Prompt — For the entries below, return every line from the top through the line with "takeuchi compact excavator" exactly as it stands, omitting pictures.

Material to process —
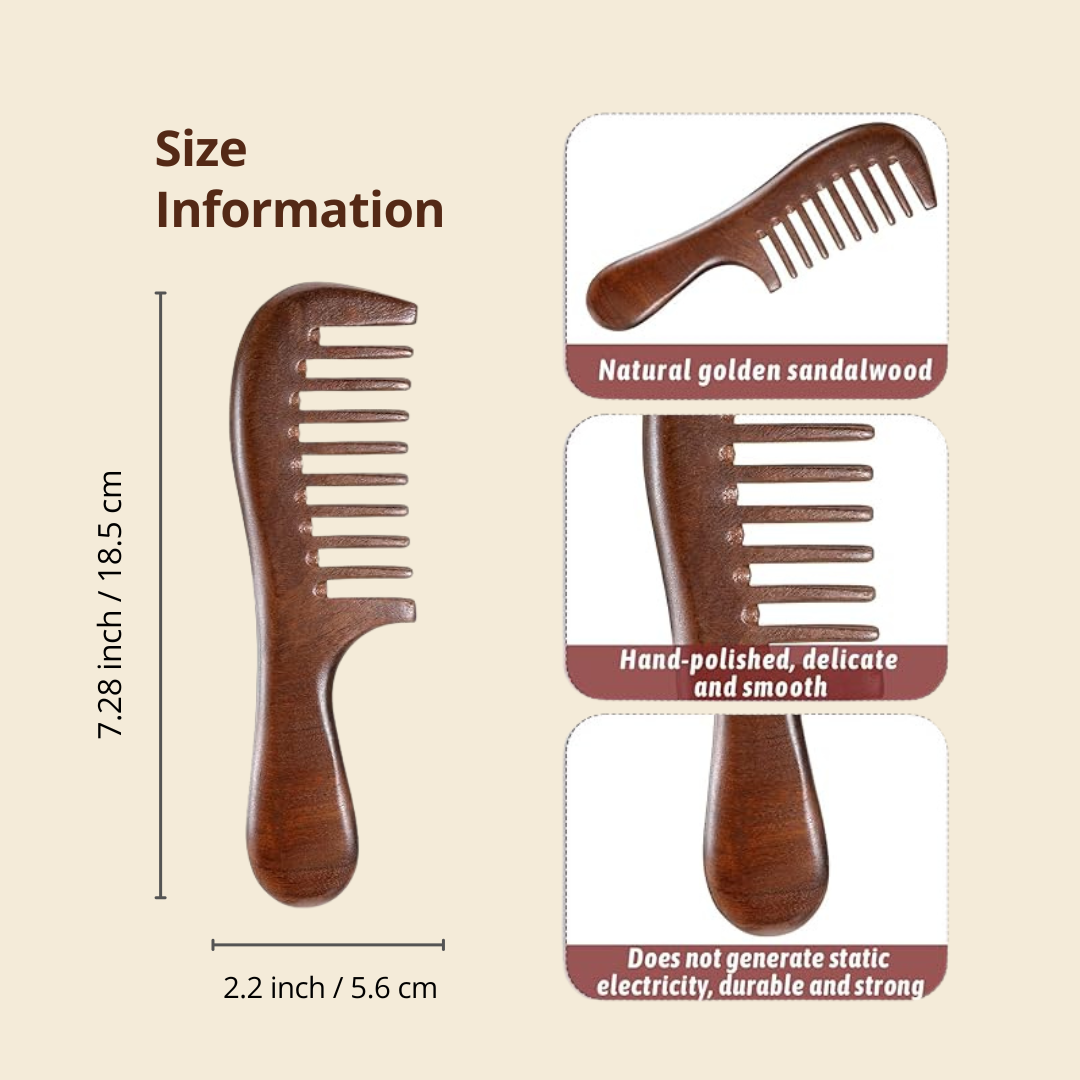 Auraé Beauty's Sandalwood Wide Tooth Wooden comb with size information and details. Healthy Hair. Frizz-free hair. Less Hair Breakage. Less Hairfall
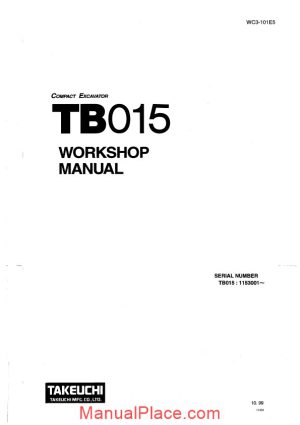 takeuchi compact excavator tb015 e wc3 101e5 workshop manual page 1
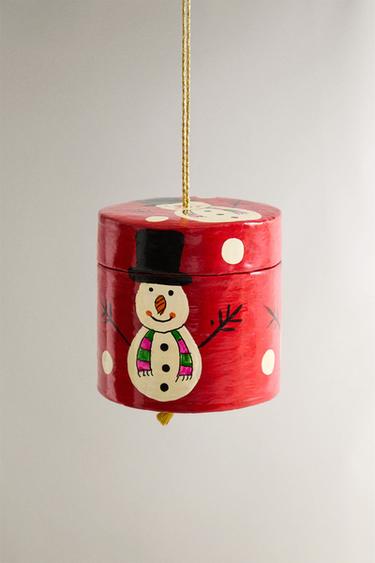 SNOWMAN BOX CHRISTMAS TREE DECORATION - Red by Zara
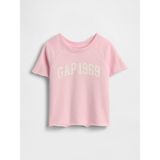 Gap Kız Bebek Açık Pembe Fransız Havlu Kumaş Kısa Kol Sweatshirt - 4 Yaş
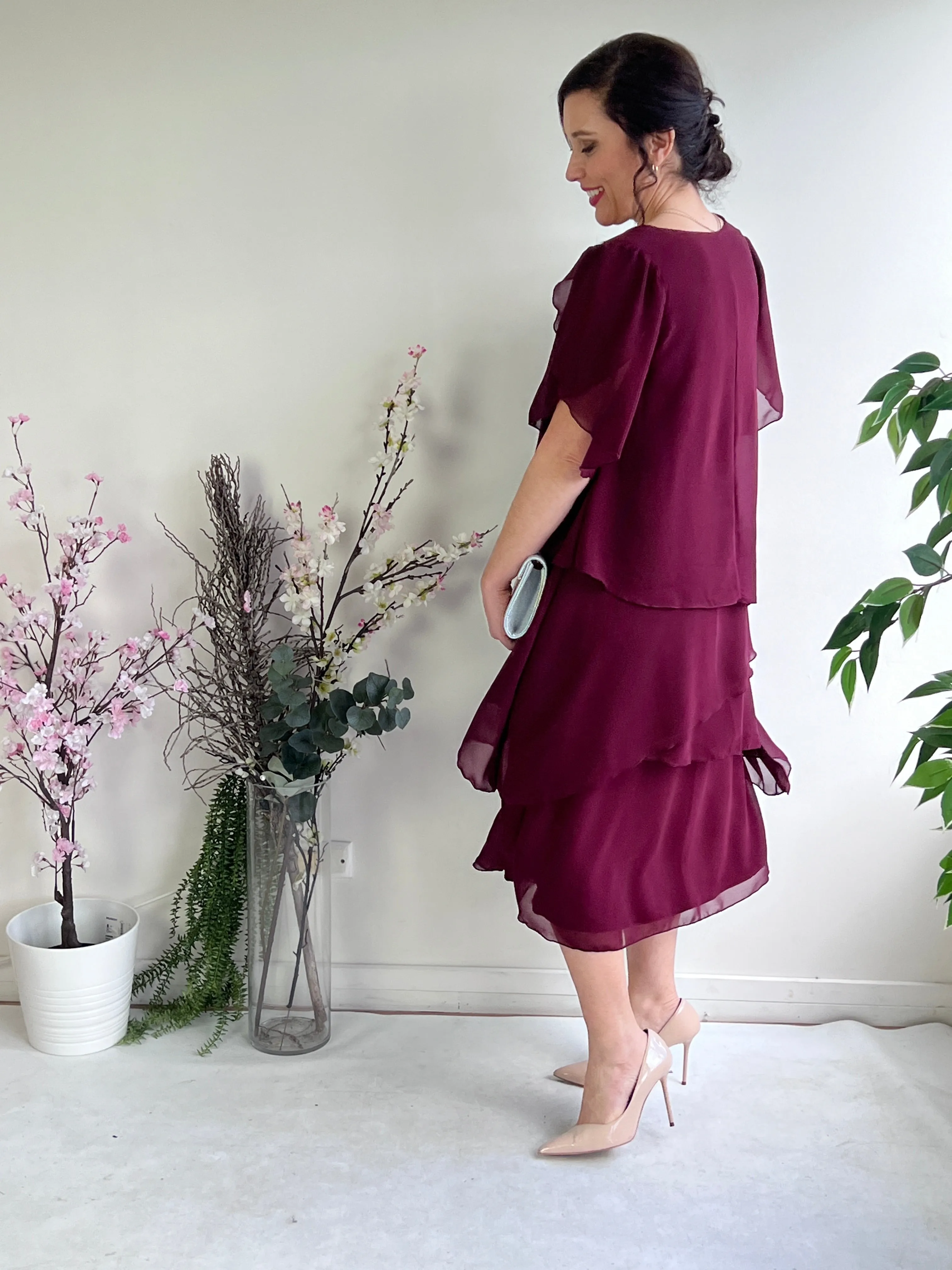 Charlotte Burgundy Evening Dress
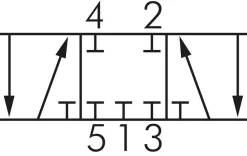 5/3-Wege (Mittelstellung geschlossen)-Fußventil, G 1/2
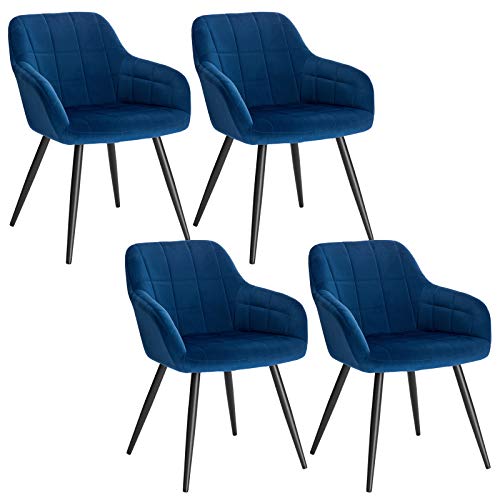 WOLTU, WOLTU Dining chairs set of 4 Blue Velvet,Kitchen Living Room Reception Chairs with Padded Seat,BH93bl-4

Solution for this problem —
 Auraé Beauty's Sandalwood Wide Tooth Wooden comb with size information and details. Healthy Hair. Frizz-free hair. Less Hair Breakage. Less Hairfall
 takeuchi compact excavator tb015 e wc3 101e5 workshop manual page 1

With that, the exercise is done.